If the APMC structure is not required, and the alternative market can offer remunerative prices for the farmers, why would farmers of UP or Bihar sell their paddy for Rs 800-1,000 per quintal? If the trader can discover a market outside the APMC, why should he lug the paddy all the way from Bihar or UP to Punjab to sell it at the APMC mandi? The answer is simple. The government is the only reliable buyer. The Green Revolution and the proud Punjabi landowning farmer are both corollaries of government procurement at a pre-determined price known to the farmer and the trader, which is supported by the mandi infrastructure. Any government that removes all this at one go does it at the peril of ruining the farming community and the nation’s food security.

The politically empowered and informed Punjabi landowners understand this better than their counterparts elsewhere. Just as Gujarat’s dairy farmers value Amul, Punjabi-Haryanvi grain farmers cherish their APMC mandis. They legitimately fear that this is an attempt by the Centre to privatise the foodgrain procurement process worth lakhs of crores of rupees. Going by the history of India’s privatisation, our crony capitalists have always ridden piggyback on governmental facilitation, cherry-picking profitable public resources and ventures, and hence privatising profits while nationalising their losses.

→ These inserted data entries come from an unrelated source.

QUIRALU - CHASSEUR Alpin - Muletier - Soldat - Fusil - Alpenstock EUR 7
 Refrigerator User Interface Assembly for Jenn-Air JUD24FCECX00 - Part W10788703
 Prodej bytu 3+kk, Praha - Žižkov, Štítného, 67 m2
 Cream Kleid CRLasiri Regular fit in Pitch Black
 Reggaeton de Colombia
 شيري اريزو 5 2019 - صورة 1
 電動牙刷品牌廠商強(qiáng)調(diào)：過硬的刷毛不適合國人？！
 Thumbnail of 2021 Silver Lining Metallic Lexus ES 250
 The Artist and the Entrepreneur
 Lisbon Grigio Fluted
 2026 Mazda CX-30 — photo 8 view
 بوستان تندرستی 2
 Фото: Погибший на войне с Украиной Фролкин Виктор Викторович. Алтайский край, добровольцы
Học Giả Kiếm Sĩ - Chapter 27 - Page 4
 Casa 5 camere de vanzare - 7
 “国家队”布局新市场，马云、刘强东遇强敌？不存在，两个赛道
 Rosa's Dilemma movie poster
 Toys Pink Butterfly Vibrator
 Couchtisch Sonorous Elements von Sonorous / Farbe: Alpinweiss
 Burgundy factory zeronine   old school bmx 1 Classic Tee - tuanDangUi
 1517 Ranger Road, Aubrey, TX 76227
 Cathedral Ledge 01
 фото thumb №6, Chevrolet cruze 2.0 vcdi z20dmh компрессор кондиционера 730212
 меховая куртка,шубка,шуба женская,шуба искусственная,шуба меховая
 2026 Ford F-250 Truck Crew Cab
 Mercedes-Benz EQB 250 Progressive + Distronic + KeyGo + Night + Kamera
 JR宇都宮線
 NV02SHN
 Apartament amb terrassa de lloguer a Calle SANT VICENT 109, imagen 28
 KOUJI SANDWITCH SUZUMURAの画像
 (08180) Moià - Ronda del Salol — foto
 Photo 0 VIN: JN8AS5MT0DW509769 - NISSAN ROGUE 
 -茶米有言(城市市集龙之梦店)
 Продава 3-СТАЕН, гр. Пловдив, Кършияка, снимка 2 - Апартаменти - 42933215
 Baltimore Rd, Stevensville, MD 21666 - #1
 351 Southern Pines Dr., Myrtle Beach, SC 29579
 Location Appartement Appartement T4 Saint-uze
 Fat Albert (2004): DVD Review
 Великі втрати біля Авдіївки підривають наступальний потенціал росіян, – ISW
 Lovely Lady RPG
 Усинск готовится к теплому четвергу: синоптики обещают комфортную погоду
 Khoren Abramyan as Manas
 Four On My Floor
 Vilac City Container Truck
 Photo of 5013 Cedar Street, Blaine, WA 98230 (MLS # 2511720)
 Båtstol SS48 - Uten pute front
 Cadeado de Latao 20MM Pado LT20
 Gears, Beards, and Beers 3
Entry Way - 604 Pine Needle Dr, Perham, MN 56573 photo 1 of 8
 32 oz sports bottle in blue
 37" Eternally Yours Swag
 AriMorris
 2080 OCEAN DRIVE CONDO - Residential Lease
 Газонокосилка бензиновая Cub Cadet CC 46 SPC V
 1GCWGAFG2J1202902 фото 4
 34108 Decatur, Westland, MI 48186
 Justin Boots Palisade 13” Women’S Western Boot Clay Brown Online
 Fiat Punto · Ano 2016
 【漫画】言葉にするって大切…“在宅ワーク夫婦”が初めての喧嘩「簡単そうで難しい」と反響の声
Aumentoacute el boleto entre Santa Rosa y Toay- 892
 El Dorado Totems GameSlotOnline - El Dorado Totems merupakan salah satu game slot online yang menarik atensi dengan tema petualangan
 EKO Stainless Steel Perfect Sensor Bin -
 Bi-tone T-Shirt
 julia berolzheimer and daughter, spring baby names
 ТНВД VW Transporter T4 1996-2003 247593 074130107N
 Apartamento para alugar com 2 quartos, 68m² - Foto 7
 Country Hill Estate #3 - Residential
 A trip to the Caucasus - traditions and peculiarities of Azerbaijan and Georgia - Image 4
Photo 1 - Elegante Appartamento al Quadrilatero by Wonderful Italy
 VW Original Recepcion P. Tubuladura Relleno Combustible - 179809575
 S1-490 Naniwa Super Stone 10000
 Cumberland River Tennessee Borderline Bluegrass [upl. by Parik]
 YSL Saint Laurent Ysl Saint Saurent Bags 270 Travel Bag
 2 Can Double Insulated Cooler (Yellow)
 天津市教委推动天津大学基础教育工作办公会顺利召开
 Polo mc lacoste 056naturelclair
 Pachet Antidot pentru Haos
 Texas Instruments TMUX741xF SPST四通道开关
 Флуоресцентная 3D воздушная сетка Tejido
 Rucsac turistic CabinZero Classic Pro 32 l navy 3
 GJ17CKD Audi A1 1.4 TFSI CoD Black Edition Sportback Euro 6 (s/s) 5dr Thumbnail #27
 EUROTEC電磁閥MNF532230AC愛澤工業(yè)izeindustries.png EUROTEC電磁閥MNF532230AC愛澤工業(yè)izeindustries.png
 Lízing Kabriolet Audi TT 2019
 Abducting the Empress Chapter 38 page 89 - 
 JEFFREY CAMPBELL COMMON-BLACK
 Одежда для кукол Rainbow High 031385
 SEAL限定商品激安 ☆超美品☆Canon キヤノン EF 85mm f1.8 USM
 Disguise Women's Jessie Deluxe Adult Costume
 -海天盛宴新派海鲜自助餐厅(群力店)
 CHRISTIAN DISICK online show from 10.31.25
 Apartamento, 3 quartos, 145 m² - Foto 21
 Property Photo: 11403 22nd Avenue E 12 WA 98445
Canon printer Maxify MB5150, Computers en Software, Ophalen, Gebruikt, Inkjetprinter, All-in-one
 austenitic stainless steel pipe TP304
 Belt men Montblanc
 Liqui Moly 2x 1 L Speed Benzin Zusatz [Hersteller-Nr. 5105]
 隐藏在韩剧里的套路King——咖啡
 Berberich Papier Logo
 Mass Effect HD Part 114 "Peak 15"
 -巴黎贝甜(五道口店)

The Congress, of course, is the prime mover, but then, Left governments have also practised this policy with great vigour.

Unfortunately, when all parties push similar economic policies, the difference with the current BJP regime is that it does not have tall farmer leaders in the Union Cabinet. The caste composition of the party leadership and the government is skewed against rural communities, with a heavy tilt towards urban groups. The BJP has been sidelining its own farmer leaders, like Virender Singh of Ballia, who speak the language and understand the apprehensions of a landowning villager.

The farm ordinances and the subsequent laws betrayed a sense of urgency, which can only be explained in terms of a suspicious intent — the Ganga may be holy but not clean by any measure. It is an Indian tragedy that we do not stop from messing up with even our dearest legacies. The BJP leadership would benefit immensely if it listens to the venerable Laxmi Kanta Chawla, one of the most respected politicians of Punjab. Her appeal to the national security hawks atop Raisina Hill that Punjabi farmers are the Punjabi soldiers ought to make people who dress up in battle fatigues for Diwali see reason.